SALMO RESPONSORIAL – Salmo 144(145)
Refrão: Louvarei para sempre o vosso nome, Senhor meu Deus e meu Rei.

Quero exaltar-Vos meu Deus e meu Rei
e bendizer o vosso nome para sempre.
Quero bendizer-vos, dia após dia,
e louvar o vosso nome para sempre.

O Senhor é clemente e compassivo,
paciente e cheio de bondade.
O Senhor é bom para com todos
e a sua misericórdia se estende a todas as criaturas.

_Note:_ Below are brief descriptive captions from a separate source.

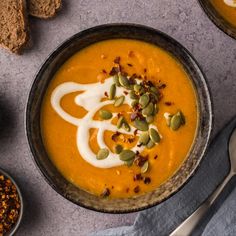 two bowls filled with carrot soup and topped with whipped cream, nuts and pumpkin seeds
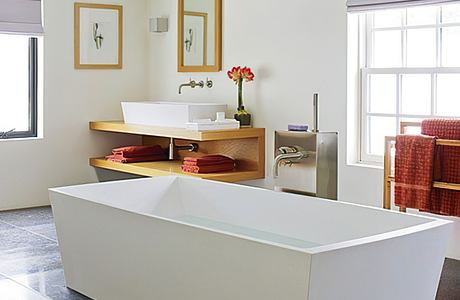 A contemporary bathroom with a freestanding white bathtub, wooden vanity, and stylish accents.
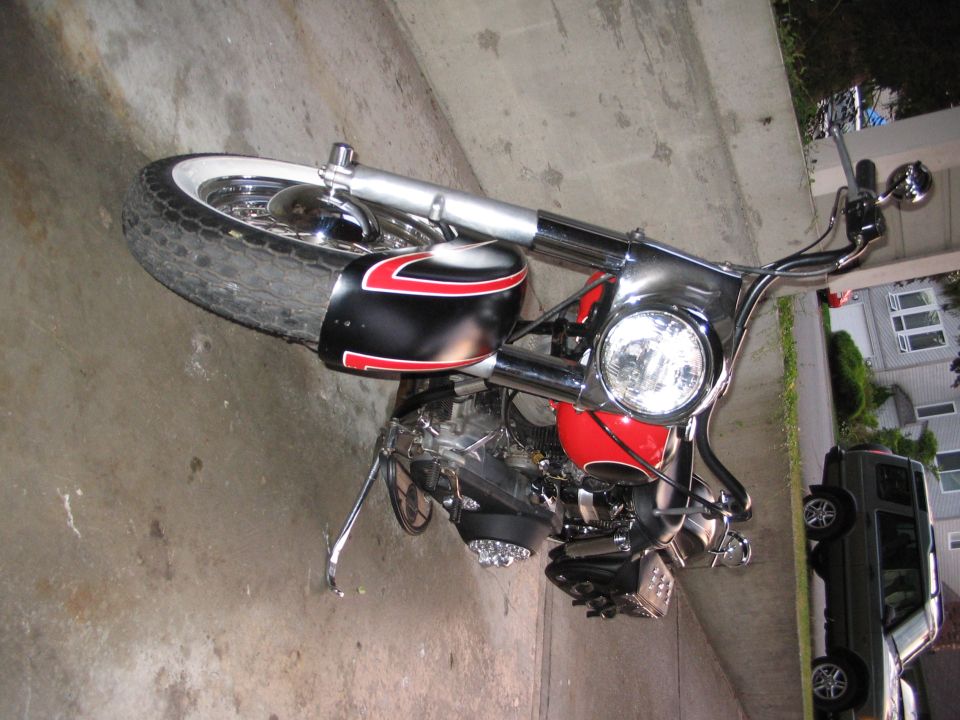 Red and black bobber motorcycle with pinstriped fender and chrome headlight parked in a driveway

Graças Vos dêem, Senhor, todas as criaturas
e bendigam-Vos os vossos fiéis.
Proclamem a glória do vosso Reino
e anunciem os vossos feitos gloriosos.

O Senhor é fiel à sua palavra
e perfeito em todas as suas obras.
O Senhor ampara os que vacilam
e levanta todos os oprimidos.


Leitura da Segunda Epístola do apóstolo São Paulo aos Tessalonicenses
(2 Tes 1,11-2,2)
Irmãos: Oramos continuamente por vós, para que Deus vos considere dignos do seu chamamento e, pelo seu poder, se realizem todos os vosso bons propósitos e se confirme o trabalho da vossa fé. Assim o nome de Nosso Senhor Jesus Cristo será glorificado em vós, e vós n’Ele, segundo a graça do nosso Deus e do Senhor Jesus Cristo. Nós vos pedimos, irmãos, a propósito da vinda de Nosso Senhor Jesus Cristo e do nosso encontro com Ele: Não vos deixeis abalar facilmente nem alarmar por qualquer manifestação profética, por palavras ou por cartas, que se digam vir de nós, pretendendo que o dia do Senhor está iminente.

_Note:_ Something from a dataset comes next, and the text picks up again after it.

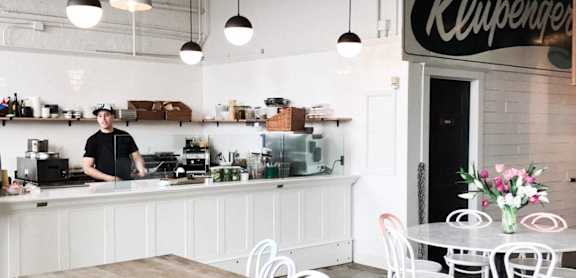 a man standing at a counter in a coffee shop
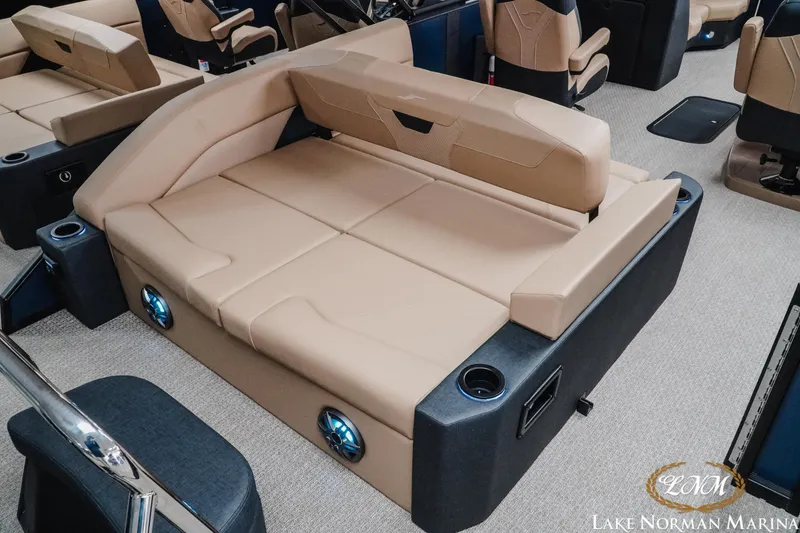 Slide: The Image of Luxurious seating in 2026 Evotti 523CS boat with beige upholstery and integrated speakers. - 7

Evangelho de Nosso Senhor Jesus Cristo segundo São Lucas
(Lc 19,1-10)
Naquele tempo, Jesus entrou em Jericó e começou a atravessar a cidade. Vivia ali um homem rico chamado Zaqueu, que era chefe de publicanos. Procurava ver quem era Jesus, mas, devido à multidão, não podia vê-l’O, porque era de pequena estatura. Então correu mais à frente e subiu a um sicómoro, para ver Jesus, que havia de passar por ali. Quando Jesus chegou ao local, olhou para cima e disse-lhe: «Zaqueu, desce depressa, que Eu hoje devo ficar em tua casa». Ele desceu rapidamente e recebeu Jesus com alegria. Ao verem isto, todos murmuravam, dizendo: «Foi hospedar-Se em casa dum pecador». Entretanto, Zaqueu apresentou-se ao Senhor, dizendo: «Senhor, vou dar aos pobres metade dos meus bens e, se causei qualquer prejuízo a alguém, restituirei quatro vezes mais». Disse-lhe Jesus: «Hoje entrou a salvação nesta casa, porque Zaqueu também é filho de Abraão. Com efeito, o Filho do homem veio procurar e salvar o que estava perdido».


SEM EXCEPÇÃO
Depois de algumas parábolas e ensinamentos “teóricos”, hoje Jesus demonstra-nos “na prática” uma das verdades mais bonitas, inesperadas e comoventes do Evangelho: Deus ama todos os seus filhos, sem excepção, e não exclui do Seu amor os marginalizados, os “impuros”, os pecadores públicos. Pelo contrário, é precisamente por eles (aqueles que a doutrina “oficial” colocou à margem da salvação) que Deus manifesta uma especial predilecção.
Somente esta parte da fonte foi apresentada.